Trey: Blake's 7 ran for four 13 episode "series" on BBC1. It was created by Terry Nation, known for his work on Doctor Who (he was the creator of the Daleks), who also wrote the entire 1st series. We watched the first episode "The Way Back" on YouTube. We're introduced to former resistance leader Roj Blake who had been mindwiped, but after an attempt by old comrades to bring him back to the cause, witnesses a massacre and is subsequently framed for a series of fictional crimes by the totalitarian Federation and sent to a prison colony.

I'd seen this episode before, but it was decades ago on a public TV funding drive. I think it's ripe for a re-imagining a la Battlestar Galactica. It already had the grit so there would be no need to add it! With the re-ascendance of Star Wars and the arrival of Guardians of the Galaxy style bombastic space fantasy, maybe it's time is actually past?

Jason: As I understand, the series makes a pronounced tonal shift into the fantastic following this dark, serious opener. 

Trey: Well, from what I've seen, it definitely goes more space opera, but I think it stays roughly Deep Space Nine level of darkness. Anyway, I'm getting ahead of myself. We should talk about the actual episode! 

Jason: We owe Roj Blake that much.

Trey: Its visuals (both in terms of design and casting) and its music give strong Dr. Who vibes, of course. Its story, though, reminds me more of dystopian science fiction films of the 70s, things like Soylent Green, THX-1138, or Logan's Run. It also made me think a lot about the recent Andor.

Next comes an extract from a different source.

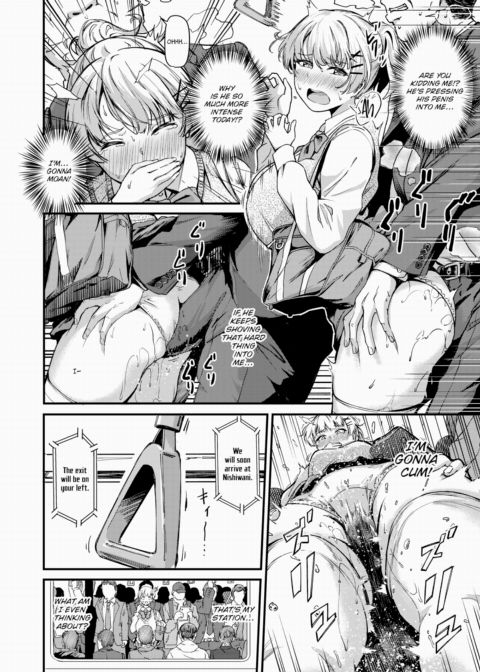 True Feelings Chapter 1 page 4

Jason: As regards the visuals, one must go in with an understanding of the BBC's standards of the day. The budget is as austere as the world depicted and TV technology is limited. The subject matter of this premiere episode is well-suited to these limitations. 

I agree that this episode was very much in this pre-Star Wars mold, with a dash of Nineteen Eighty-Four and a pinch of Phillip K. Dick. We are not really given much of a clue as to what's to follow in the narrative, but this grim bummer of a tale works well. The heaps of bodies piling up throughout its narrative arc make the stakes seem real. 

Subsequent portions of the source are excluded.